While I was adding the robots.txt file to the root of my domain, I included some "Disallow" entries to prevent indexing of some non-public subdirectories. These directories most likely would not have been indexed anyway, because I don't link to them from anywhere on the site.

HOWEVER, here is when I realized that putting these disallow entries in your robots.txt file actually creates security vulnerabilities for your site. Anyone with a browser can enter:

http://www.yoursite.com/robots.txt

and view your entries in the robots.txt file, INCLUDING a list of the directories you have marked as disallowed. You may not link to those directories, but someone reading the robots.txt file could type them into theor browser and get access to your hidden areas.

For instance, if your robots.txt file included:

Disallow: /logs/
Disallow: /members

snoopers could enter:
http://www.yoursite.com/logs/
or http://www.yoursite.com/members/

to potentially view your server logs or your members-only areas.

So how do you protect yourself? Simple. Make sure every one of your disallowed directories includes a default server file. On most servers those are: index.html, default.html, index.htm or default.htm. You should know which it is for your server, it's the file that loads when someone enters your root URL only:

http://www.yoursite.com

Your default files in the disallowed directories can be a redirect to the front of your site, a blank file, or a warning -- it's up to you.

Just make sure you protect those directories!

thewitt
05-01-2001, 04:04 PM
If you have an area on your website that you need to have secured, be sure to at least secure it with BASIC authentication techniques.

More than one person has been caught with the /secret/ directory on his site being exposed.
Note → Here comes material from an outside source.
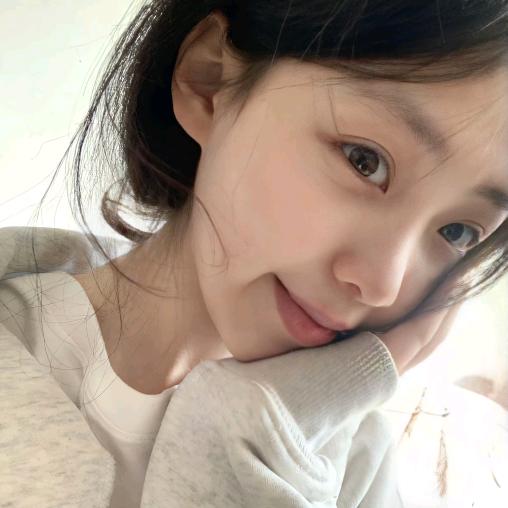 小蓝莓汁～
Just "not linking" to the directory is not enough to protect your directories from discovery.

-t

(SH)Saeed
05-01-2001, 04:52 PM
Recently I've got a lot of request for the file robot.txt. Does this mean search engines are scanning my website or what?
:confused:

Btw, if you want to protect some of your directories, why don't you password protect them?

SI-Chris
05-02-2001, 02:20 AM
Originally posted by scslawin
...
HOWEVER, here is when I realized that putting these disallow entries in your robots.txt file actually creates security vulnerabilities for your site. Anyone with a browser can enter:

http://www.yoursite.com/robots.txt

and view your entries in the robots.txt file, INCLUDING a list of the directories you have marked as disallowed. You may not link to those directories, but someone reading the robots.txt file could type them into theor browser and get access to your hidden areas.
...
Someone correct me if I'm wrong, but if you don't have links or references to those "hidden" folders in your HTML pages, the spiders aren't going to find those directories in the first place. So why would you need to add them to robots.txt?

fatman
05-02-2001, 10:49 PM
Originally posted by zolbian
Recently I've got a lot of request for the file robot.txt. Does this mean search engines are scanning my website or what?
:confused:


Search engines requesting the robots.txt file is not a cause for alarm. They do it all the time, with many spiders requesting it numerous times per day. Anyway, good spiders are supposed to request the robots.txt file so that they know which areas (or files) they are not allowed to access.

fatman
05-02-2001, 10:54 PM
Originally posted by thewitt
If you have an area on your website that you need to have secured, be sure to at least secure it with BASIC authentication techniques.

More than one person has been caught with the /secret/ directory on his site being exposed.

Just "not linking" to the directory is not enough to protect your directories from discovery.

-t

True. Another way (perhaps even safer than password protecting the area) is to keep the secret directory out of the web directory tree (ie, put it in a directory above or at the same level as your htdocs tree). :)

archangel777
05-09-2001, 03:51 AM
Darn... I better take the path to my naked picture off of the robots.txt file. No wonder I was getting strange love letters from people.